4. the reliability verification method of the anti-SEU according to claim 1 based on PRISM, it is characterised in that security point In analysis modeling, the situation of handling failure is unable to come improved model by the concept of the safe failure of introducing and unsafe failure, By definitions component because the failure that SEU occurs is properly detected, system, which reschedules, finds the quantity of remaining component Successfully operated through being not enough to complete, system enters failure of security state, and unsafe status of fail refers to that system can not be examined Measure the failure silence behavior occurred during component faults.If all component failure can safely be detected that system is final The status of fail of safety can be entered, but even if a uneasy total failure only occurs, system can also immediately enter unsafe mistake Lose state.The failure checking cover ratio of component can be determined by conditional probability C.

5. the failure checking cover ratio of component according to claim 4, it is characterised in that the failure checking cover ratio of component It can be determined by conditional probability C：Condition probability formula C is C=P (fault detection | fault exitence), Show the Modeling with Security of the simple single component system of only two adders (including repairing conversion).In this case, Assuming that system at least needs an adder just to successfully complete operation.Initially, system is in operation normal mode, two additions Device.When an adder fails, if detecting failure, system will reschedule, and simply continue to use an adder.Such as Fruit is not detected by failure, then is transferred to unsafe status of fail.If another adder fails, system will be unable to continue it Operation, therefore it will safely fail.

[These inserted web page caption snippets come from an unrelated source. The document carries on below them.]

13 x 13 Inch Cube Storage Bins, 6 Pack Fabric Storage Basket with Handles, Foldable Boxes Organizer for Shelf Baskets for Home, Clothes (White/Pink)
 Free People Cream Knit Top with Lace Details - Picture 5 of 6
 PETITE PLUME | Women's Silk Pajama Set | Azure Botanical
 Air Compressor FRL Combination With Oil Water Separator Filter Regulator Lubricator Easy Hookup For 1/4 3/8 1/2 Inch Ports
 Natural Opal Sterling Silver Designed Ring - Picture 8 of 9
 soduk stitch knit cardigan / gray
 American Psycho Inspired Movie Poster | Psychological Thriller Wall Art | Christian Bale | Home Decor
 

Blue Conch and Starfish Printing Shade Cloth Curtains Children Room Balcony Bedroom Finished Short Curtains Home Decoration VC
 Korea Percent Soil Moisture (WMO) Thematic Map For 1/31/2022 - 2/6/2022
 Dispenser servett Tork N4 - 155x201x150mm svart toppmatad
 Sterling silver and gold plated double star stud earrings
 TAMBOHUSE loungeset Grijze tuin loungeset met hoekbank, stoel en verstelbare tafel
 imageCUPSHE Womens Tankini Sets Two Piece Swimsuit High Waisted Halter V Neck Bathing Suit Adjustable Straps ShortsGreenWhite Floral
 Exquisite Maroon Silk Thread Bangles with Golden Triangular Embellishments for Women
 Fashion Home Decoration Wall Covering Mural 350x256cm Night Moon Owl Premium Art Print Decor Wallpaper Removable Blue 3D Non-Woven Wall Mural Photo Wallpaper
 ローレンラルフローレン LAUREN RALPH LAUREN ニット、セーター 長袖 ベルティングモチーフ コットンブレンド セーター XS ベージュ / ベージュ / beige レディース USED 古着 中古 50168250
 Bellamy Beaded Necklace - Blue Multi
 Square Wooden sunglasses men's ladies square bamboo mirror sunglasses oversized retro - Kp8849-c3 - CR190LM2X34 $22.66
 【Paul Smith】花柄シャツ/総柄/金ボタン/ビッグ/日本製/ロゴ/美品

6. the failure checking cover ratio of component according to claim 5, it is characterised in that repaiied security is included in model Change the situation assumed in 6, it will be assumed that the institute in CTMC stateful can be divided into four types：(1) operation is normal：All component work( Can be normal, the handling capacity highest of system.(2) degrade and degenerate：At least one component failure.(3) failure of security：It is remaining Operation of the lazy weight of barrier component to run succeeded without reason, therefore handling capacity is 0, in order to reach failure of security state, is caused Thrashing it is faulty must be safe.(4) dangerous failure：At least one failure is not by fault detection algorithm Detect.The failure silence behavior of component immediately results in system and enters dangerous status of fail.